CWE-868: Weaknesses Addressed by the SEI CERT C++ Coding… | Glexia
CWE-868 (Weaknesses Addressed by the SEI CERT C++ Coding Standard (2016 Version)) view overview with consequences, detection methods, mitigations, related CVEs and…
Glexia's Take · Automated analysis
CWE-868: Weaknesses Addressed by the SEI CERT C++ Coding Standard (2016 Version)
Weaknesses Addressed by the SEI CERT C++ Coding Standard (2016 Version) represents a recurring weakness pattern that can create exploitable paths when design, validation, or implementation controls are missing.
Executive Impact
- Security incident exposure
- Service disruption
- Compliance and remediation cost
Developer Pattern
CWE-868 is the kind of defect developers can usually prevent with explicit validation, safer framework defaults, and tests that exercise hostile input or unsafe state transitions.
Automation confidence
high confidence from CWE-868, 4.20.
Generated from the cited source records.
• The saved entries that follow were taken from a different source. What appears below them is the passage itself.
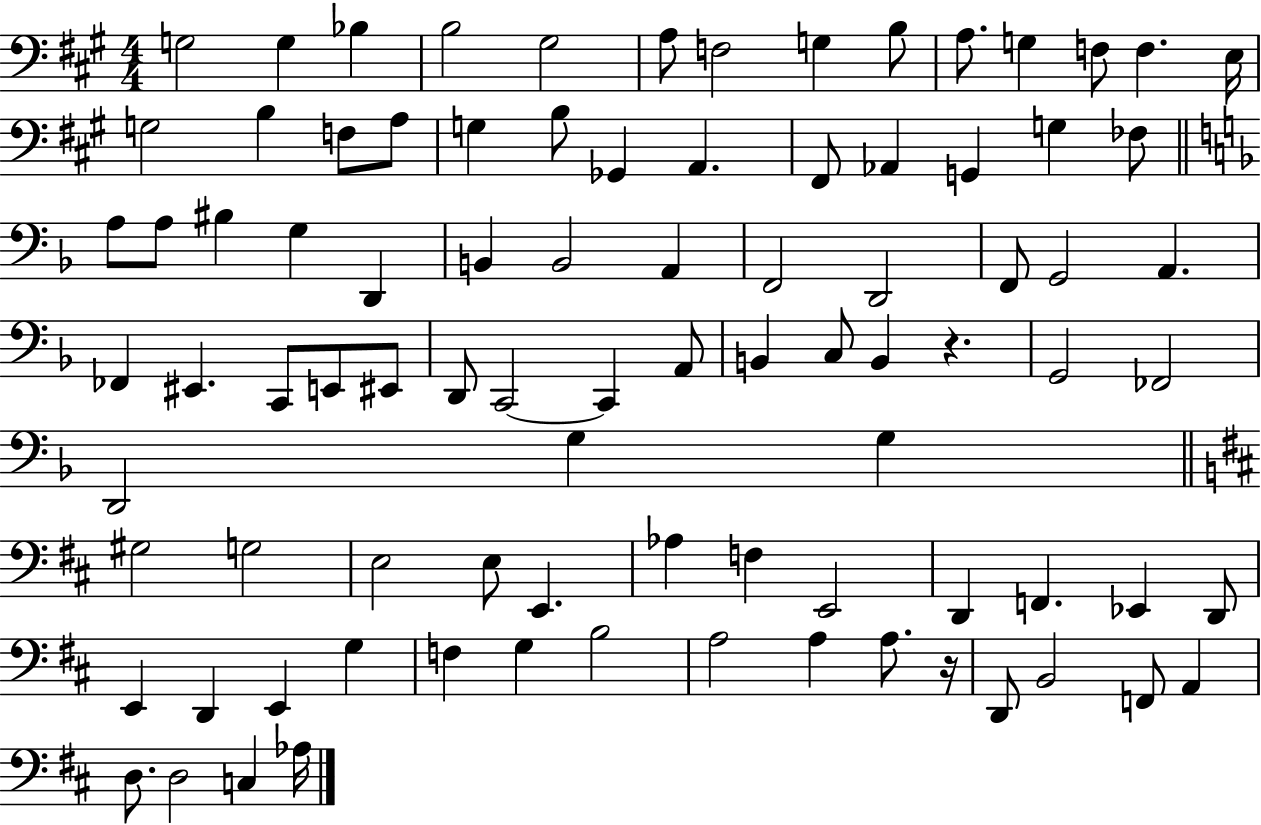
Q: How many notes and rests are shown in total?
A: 89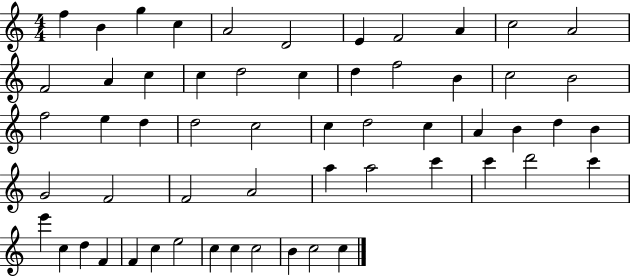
F5/q B4/q G5/q C5/q A4/h D4/h E4/q F4/h A4/q C5/h A4/h F4/h A4/q C5/q C5/q D5/h C5/q D5/q F5/h B4/q C5/h B4/h F5/h E5/q D5/q D5/h C5/h C5/q D5/h C5/q A4/q B4/q D5/q B4/q G4/h F4/h F4/h A4/h A5/q A5/h C6/q C6/q D6/h C6/q E6/q C5/q D5/q F4/q F4/q C5/q E5/h C5/q C5/q C5/h B4/q C5/h C5/q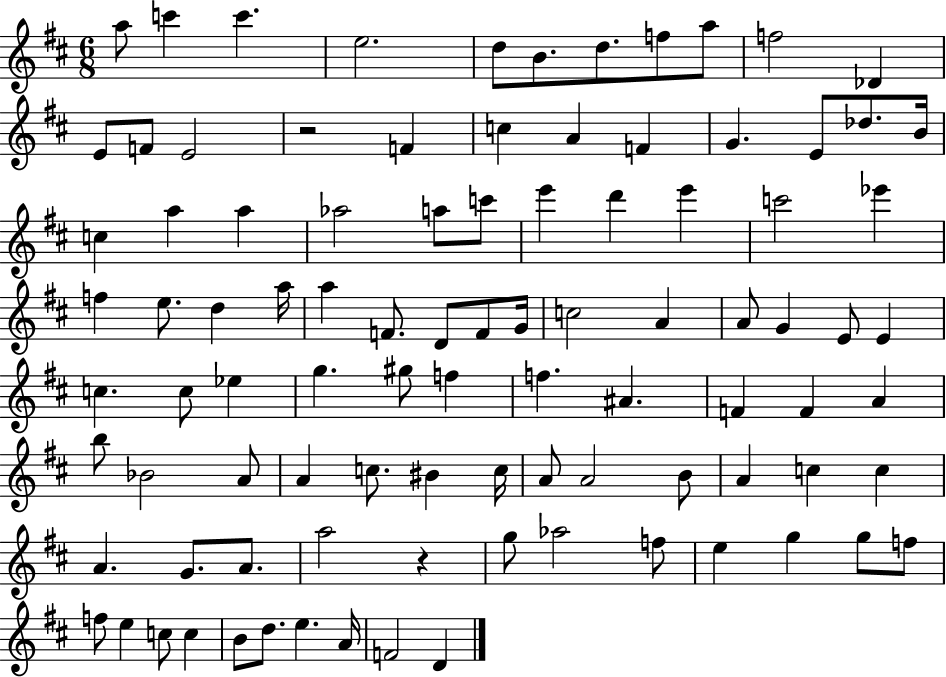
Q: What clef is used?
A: treble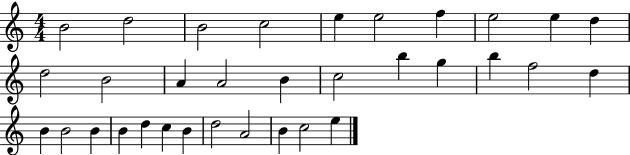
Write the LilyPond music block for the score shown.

{
  \clef treble
  \numericTimeSignature
  \time 4/4
  \key c \major
  b'2 d''2 | b'2 c''2 | e''4 e''2 f''4 | e''2 e''4 d''4 | \break d''2 b'2 | a'4 a'2 b'4 | c''2 b''4 g''4 | b''4 f''2 d''4 | \break b'4 b'2 b'4 | b'4 d''4 c''4 b'4 | d''2 a'2 | b'4 c''2 e''4 | \break \bar "|."
}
This long-tail analysis has not been individually reviewed by a named human.
Official CWE Definition
CWE-868: Weaknesses Addressed by the SEI CERT C++ Coding Standard (2016 Version)
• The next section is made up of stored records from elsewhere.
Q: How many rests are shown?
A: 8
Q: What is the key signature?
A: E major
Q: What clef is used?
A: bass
CWE entries in this view (graph) are fully or partially eliminated by following the SEI CERT C++ Coding Standard, as published in 2016. This view is no longer being actively maintained, since it statically represents the coding rules as they were in 2016.
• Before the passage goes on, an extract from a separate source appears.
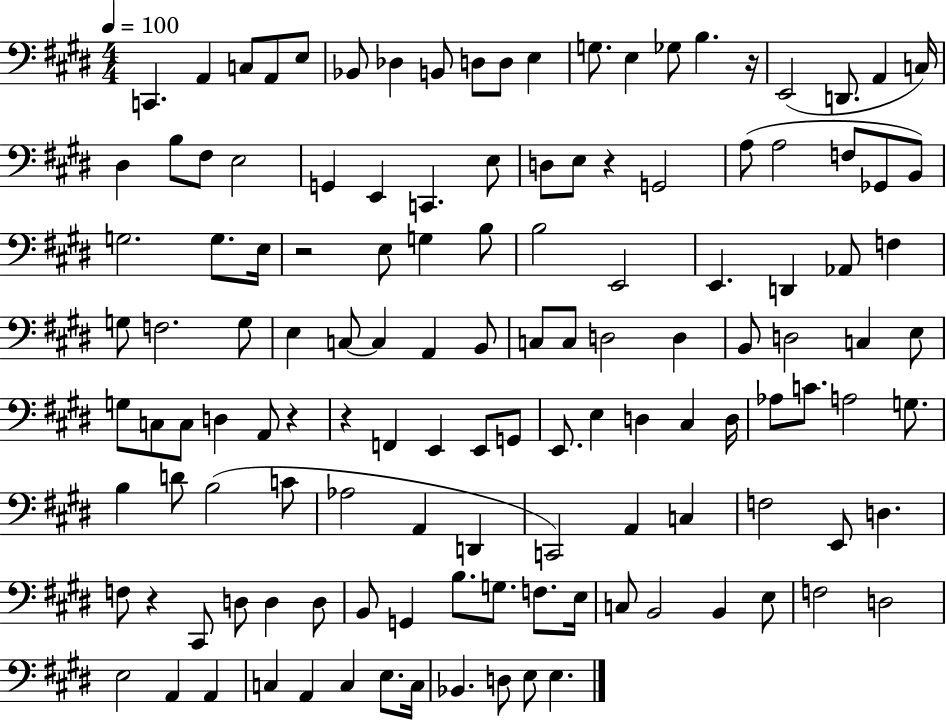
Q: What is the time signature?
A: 4/4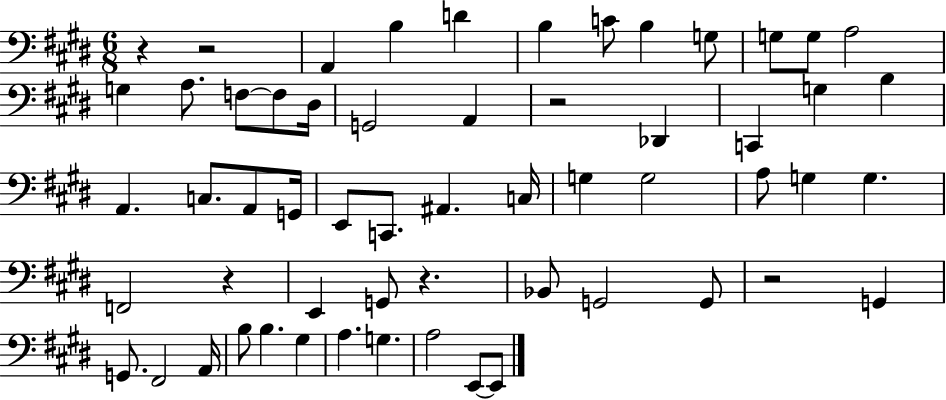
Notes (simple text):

R/q R/h A2/q B3/q D4/q B3/q C4/e B3/q G3/e G3/e G3/e A3/h G3/q A3/e. F3/e F3/e D#3/s G2/h A2/q R/h Db2/q C2/q G3/q B3/q A2/q. C3/e. A2/e G2/s E2/e C2/e. A#2/q. C3/s G3/q G3/h A3/e G3/q G3/q. F2/h R/q E2/q G2/e R/q. Bb2/e G2/h G2/e R/h G2/q G2/e. F#2/h A2/s B3/e B3/q. G#3/q A3/q. G3/q. A3/h E2/e E2/e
Developer And Remediation Guidance
How teams prevent and detect this weakness
Causes
- Missing validation
- Unsafe defaults
- Insufficient authorization or memory-safety invariant
Remediation
- Use safe APIs
- Centralize the control
- Add regression tests
- Review logs and telemetry for attempted abuse
Detection
- Code review
- SAST
- DAST
- Focused regression tests
Mappings
Related CVEs, CWEs, and ATT&CK context
Related CWEs
No related CWE relationships are published yet.
ATT&CK Relevance
ATT&CK relevance is shown only when reviewed or responsibly inferred.